Member of the Legislative Council of Western Australia
- In office 16 July 1894 – 2 May 1910
- Preceded by: None (new seat)
- Succeeded by: Cuthbert McKenzie
- Constituency: South-East Province

Personal details
- Born: 22 March 1852 Leek, Staffordshire, England
- Died: 3 February 1932 (aged 79) Albany, Western Australia, Australia

= Samuel Johnson Haynes =

Australian lawyer and politician

Samuel Johnson Haynes (22 March 1852 – 3 February 1932) was an Australian barrister and politician who served as a member of the Legislative Council of Western Australia from 1894 to 1910, representing South-East Province.
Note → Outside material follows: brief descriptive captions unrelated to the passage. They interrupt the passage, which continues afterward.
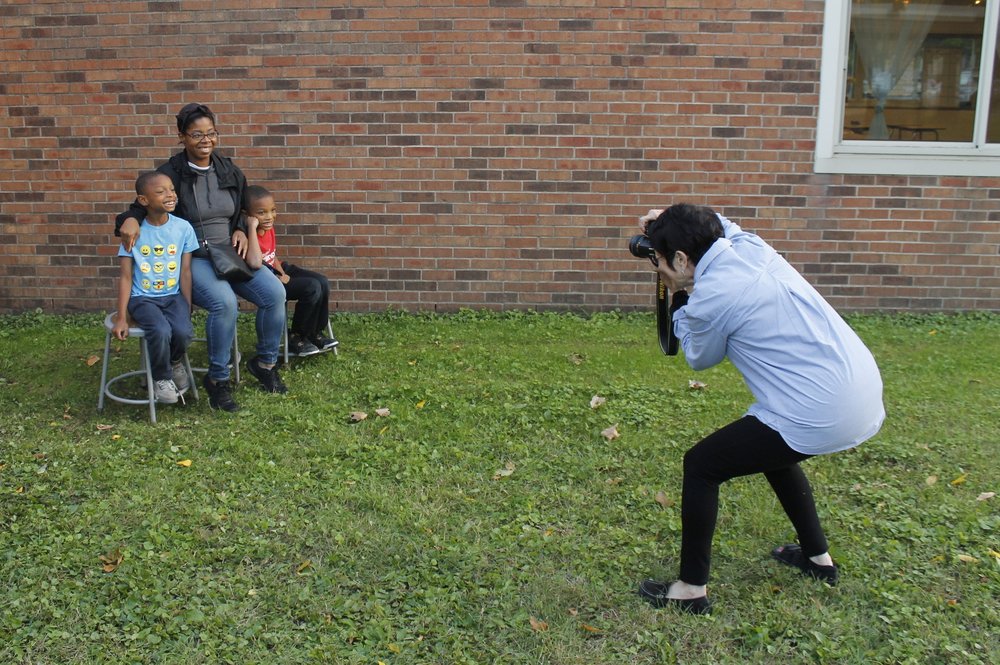 Peg taking family portraits at Fall Family Night - September 2018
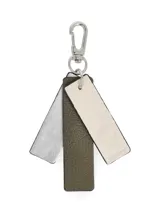 Llavero con mosquetón metálico plateado y tres tiras colgantes de cuero sintético en color crudo, verde militar y plateado texturizado.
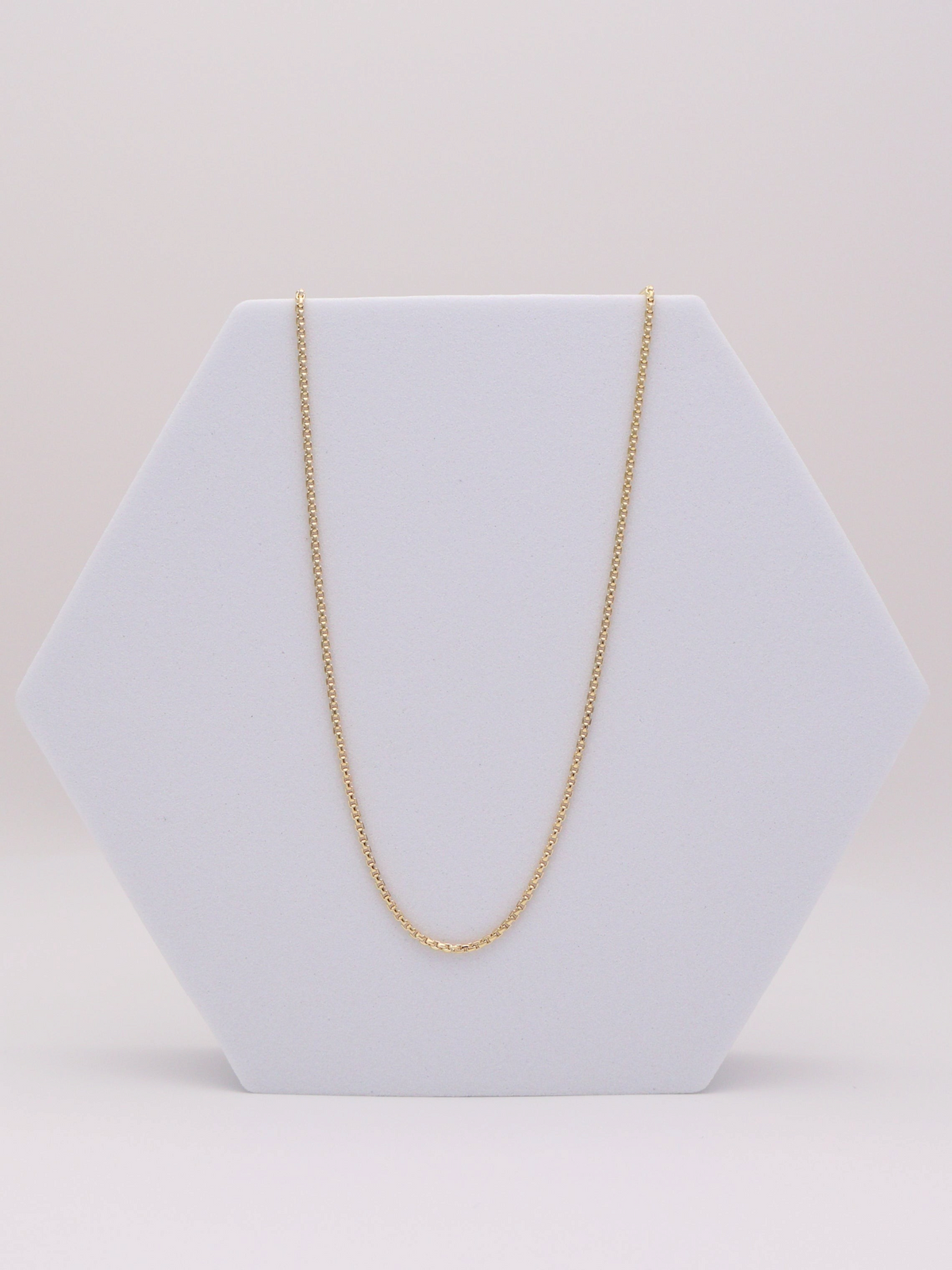 Zafrah 14k yellow gold 1mm square rolo chain necklace measuring 21.5 inches in length on a white hexagonal display.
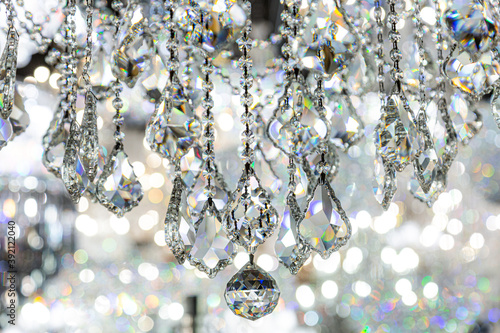 Closeup of cristal chandelier. Beautiful diamonds chandelier for home decoration  Concept about objects and jewelry. 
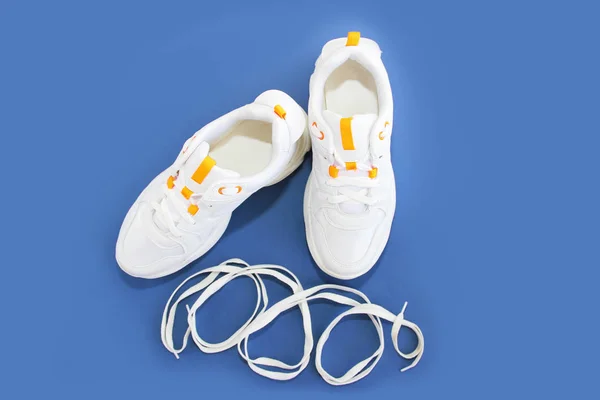 Białe sznurowadła i buty sportowe trampki na niebieskim tle — Zdjęcie stockowe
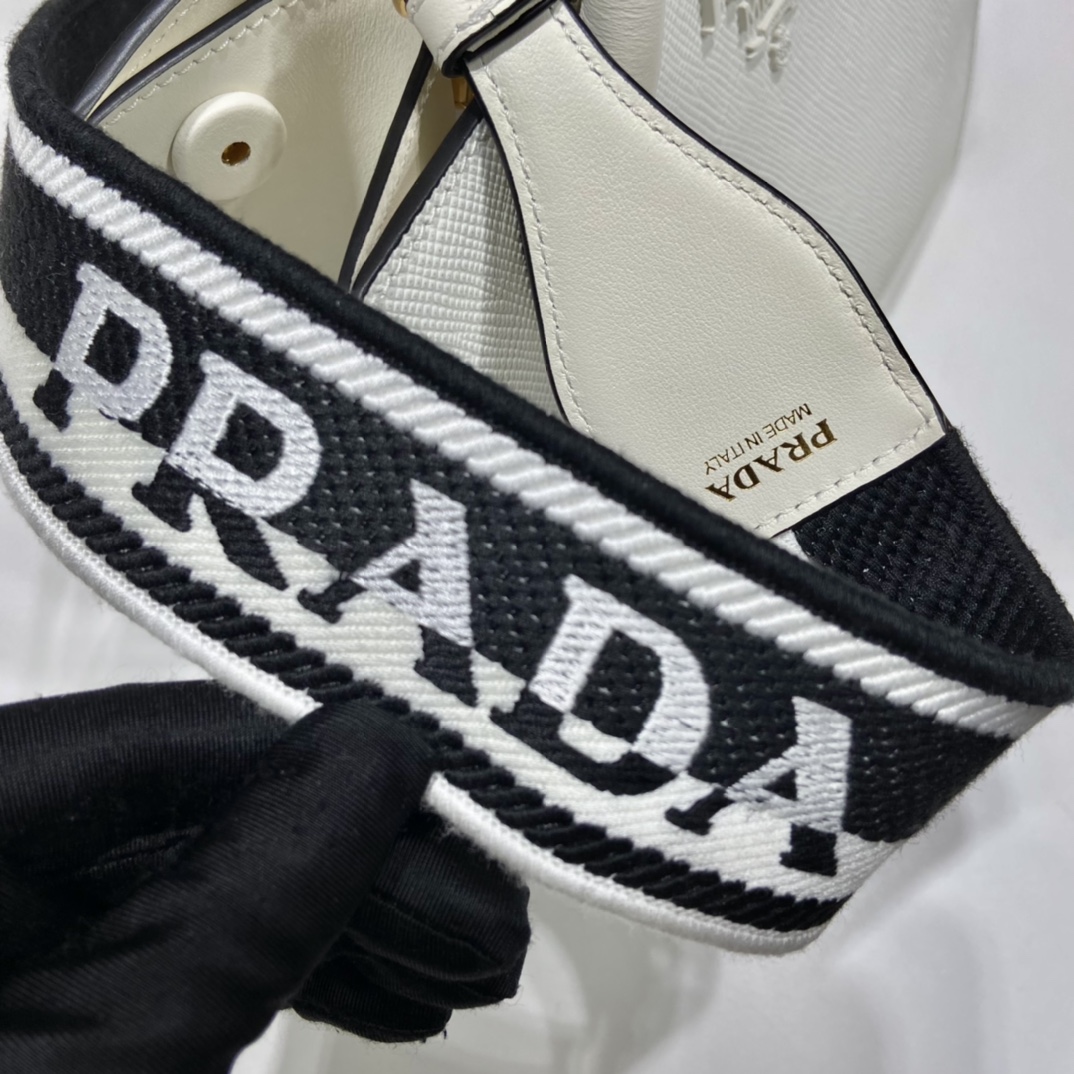 pra*a monoCh*0me small saffiano bag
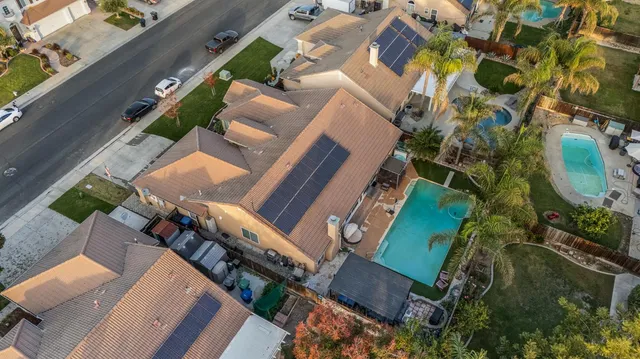 an aerial view of a house with a yard and outdoor seating
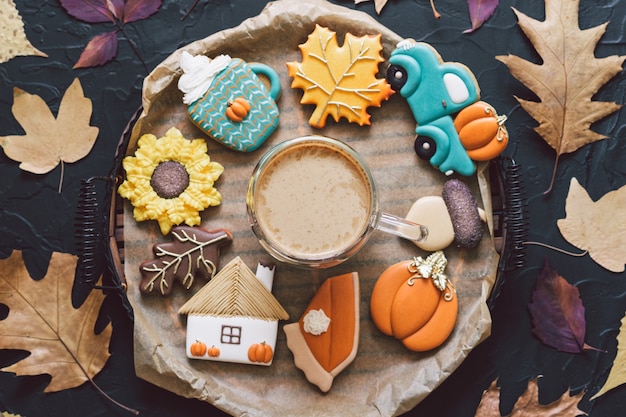 Biscuits d'automne multicolores avec café sur fond noir. Concept d'automne.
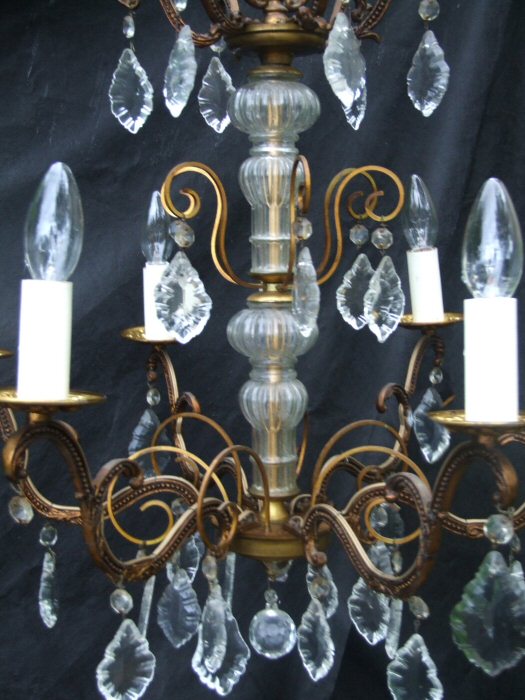 Circa 1900 A 6 arm patinated Brass and Crystal Chandelier 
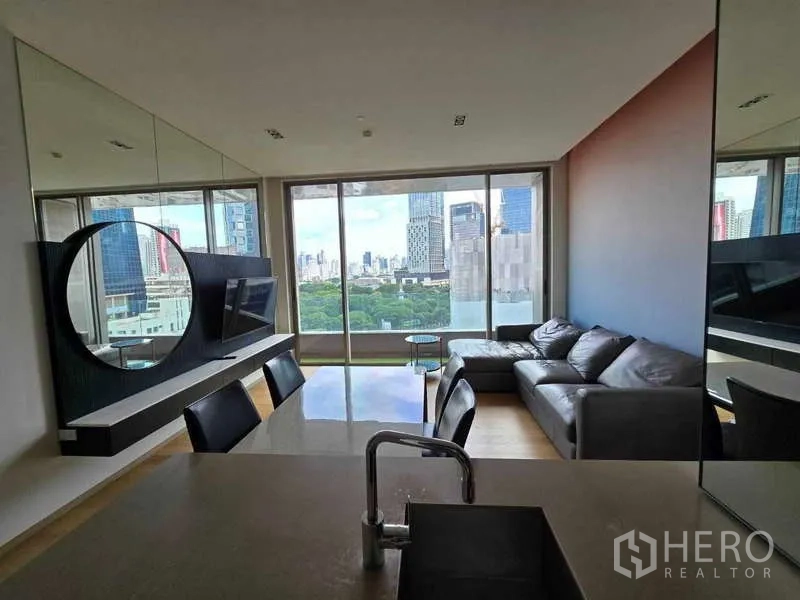 公寓 出租或出售在Bang Rak, Bangkok - 开放式客餐厅，落地窗俯瞰城市与公园天际线，位于 Saladaeng One。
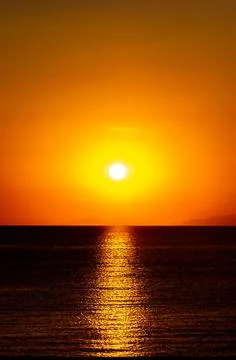 Dramatic Sunset Over Calm Water With Colorful Evening Sky Stock Photos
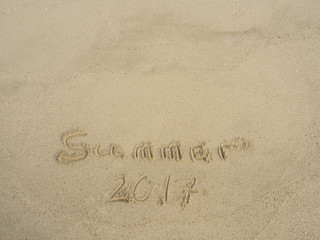 Summer 2017 written on sand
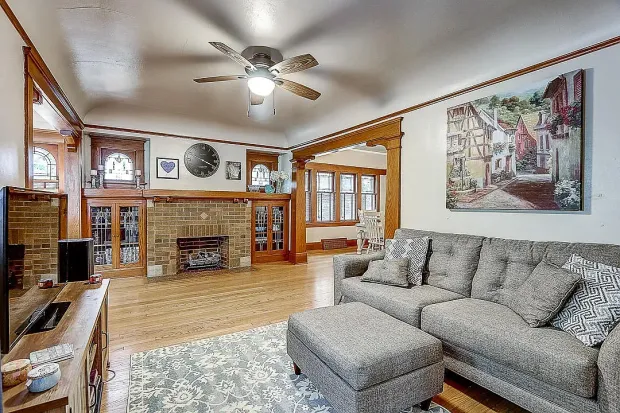 Living room with wood details, brick fireplace, gray sofa, ottoman, artwork, and ceiling fan.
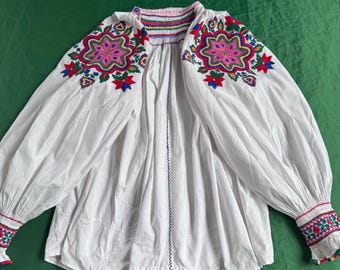 May include: A white long-sleeved blouse featuring vibrant multi-colored floral embroidery on the shoulders and cuffs. The garment has a gathered neckline with a colorful stitched trim and full, billowy sleeves that taper into ruffled, embroidered wrist cuffs.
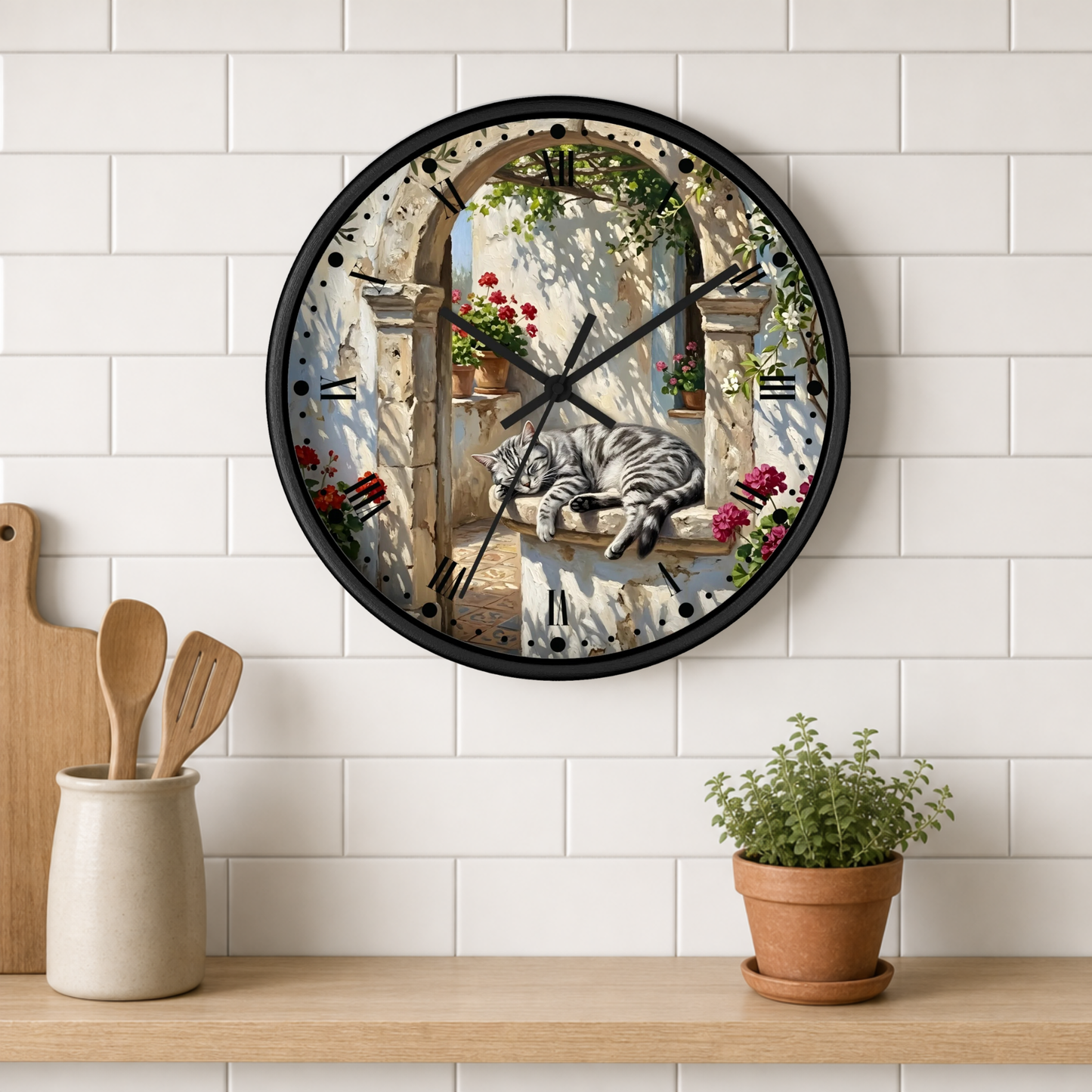 A round wall clock with a black frame hangs on a white subway-tile kitchen wall above a wooden shelf. The clock face features a printed illustration of a gray tabby cat sleeping on a stone ledge in front of an arched doorway with red flowers.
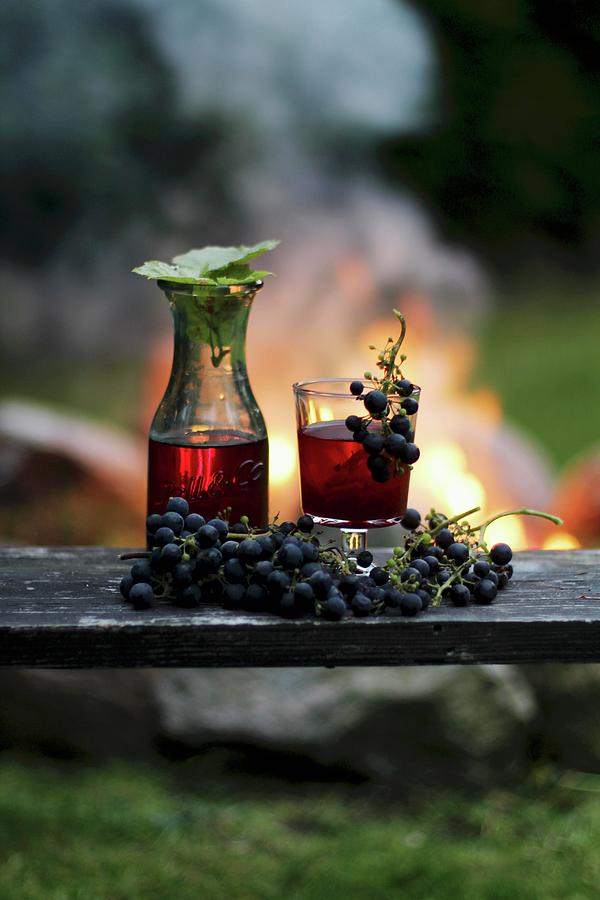 Homemade Wine And Red Grapes With A Campfire In The Background ...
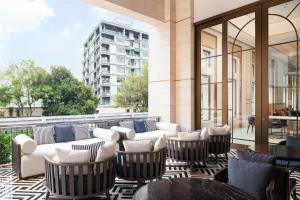 a patio with chairs and couches on a building at Radisson Hotel Chateau de Bangkok in Bangkok +87 photos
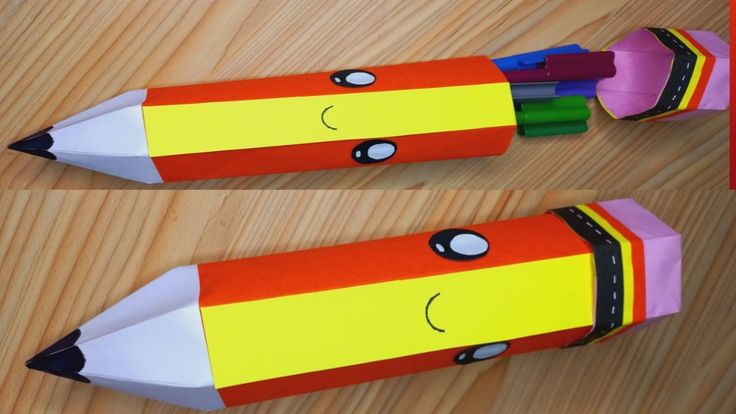 two crayon pencils with faces drawn on them sitting on top of a wooden table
Haynes was born in Leek, Staffordshire, England, to Sarah Ann (née Johnson) and George Haynes. His parents left for Australia when he was a small child, settling in Port Fairy, Victoria. Haynes was sent to grammar school in England, but returned to Australia to study law. He completed his legal studies in South Australia, and was called to the bar there in 1886. In 1888, Haynes moved to Albany, Western Australia, where he established his own law firm. He eventually went into partnership with Robert Thomson Robinson, a future Attorney-General of Western Australia. Haynes was elected to parliament at the 1894 Legislative Council elections, which were the first to be held since the advent of responsible government in 1890. His initial term was for four years, but he was re-elected to six-year terms in 1898 and 1904. Haynes retired from parliament in 1910, shortly before the expiration of his third term. Haynes died in Albany in February 1932, aged 79. Outside of politics, he had served as chancellor of the Anglican Diocese of Bunbury for many years. He married Isabella Cole in 1897, with whom he had one son.